Unfortunately though, awareness of the legislation (known as the ‘false self-employment’ rules) beyond this unscrupulous group appears extremely low. Specifically, more than 7 in 10 of our survey’s respondents (who included contractors) confessed they hadn’t heard of the April rules. Another set of rules, governing offshore intermediaries, emerged as just as much a mystery, as roughly the same large proportion of respondents hadn’t heard of those either.
One subtext to the first finding could be that contractors can see a steady stream of their colleagues joining umbrella companies and even though the cause of that stream - the 'false self-employment regs' - isn’t familiar to them, they feel it’s safest to go with the flow.
Such a dynamic seems visible today in the construction sector. As those protesting in Westminster and Holyrood will tell you, a law took effect in April with the effect that thousands of them who for years had been in the CIS scheme all of a sudden got hit for PAYE which, if their pay rate hasn’t increased, has cut their take-home pay significantly.

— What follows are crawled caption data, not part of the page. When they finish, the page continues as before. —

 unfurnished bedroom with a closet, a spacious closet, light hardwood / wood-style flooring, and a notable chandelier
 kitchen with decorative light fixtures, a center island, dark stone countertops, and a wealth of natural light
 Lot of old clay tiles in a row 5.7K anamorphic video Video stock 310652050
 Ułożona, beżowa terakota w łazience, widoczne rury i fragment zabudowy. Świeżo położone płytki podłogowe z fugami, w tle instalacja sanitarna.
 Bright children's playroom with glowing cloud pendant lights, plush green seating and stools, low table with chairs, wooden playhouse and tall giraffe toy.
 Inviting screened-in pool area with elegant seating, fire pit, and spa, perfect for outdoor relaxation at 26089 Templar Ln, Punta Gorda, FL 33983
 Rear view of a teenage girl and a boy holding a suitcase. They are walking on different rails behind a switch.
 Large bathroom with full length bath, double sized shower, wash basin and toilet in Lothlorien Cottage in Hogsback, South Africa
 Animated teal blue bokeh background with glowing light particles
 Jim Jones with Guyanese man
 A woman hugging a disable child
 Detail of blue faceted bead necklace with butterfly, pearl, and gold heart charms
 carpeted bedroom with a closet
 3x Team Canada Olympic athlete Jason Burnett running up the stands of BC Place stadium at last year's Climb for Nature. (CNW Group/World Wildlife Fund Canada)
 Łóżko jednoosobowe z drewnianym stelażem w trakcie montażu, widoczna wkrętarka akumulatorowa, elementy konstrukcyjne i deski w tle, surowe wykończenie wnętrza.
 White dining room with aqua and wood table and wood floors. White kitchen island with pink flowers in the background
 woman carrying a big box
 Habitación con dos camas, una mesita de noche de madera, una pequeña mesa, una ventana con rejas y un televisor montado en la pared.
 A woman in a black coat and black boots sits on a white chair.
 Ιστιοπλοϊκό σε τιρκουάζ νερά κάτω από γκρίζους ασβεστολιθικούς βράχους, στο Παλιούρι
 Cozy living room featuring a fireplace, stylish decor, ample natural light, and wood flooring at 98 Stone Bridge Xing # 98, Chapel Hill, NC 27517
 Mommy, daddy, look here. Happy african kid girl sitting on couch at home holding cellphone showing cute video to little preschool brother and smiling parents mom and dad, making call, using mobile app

With tax avoidance schemes posing as umbrella companies because schemes promoters know that such companies are necessary for many formerly self-employed workers, and in light of many people who once used such schemes explaining on internet forums how they’ve been caught out by HM Revenue & Customs, one can begin to understand why the protesters are, unfairly, branding umbrella companies as an ‘exploitative con.’
I say ‘unfairly’ because there has been no attempt by the protesters to separate the professional and reputable payroll providers from the bogus ‘umbrellas’ -- those avoidance promoters masquerading as umbrellas or actual umbrellas using underhand, unethical methods. It’s as a result of this failure to distinguish by the protest organisers that some genuine umbrella companies who proudly support flexible workers are reluctantly considering dropping the term ‘umbrella company’ for a less sullied alternative to describe what they do.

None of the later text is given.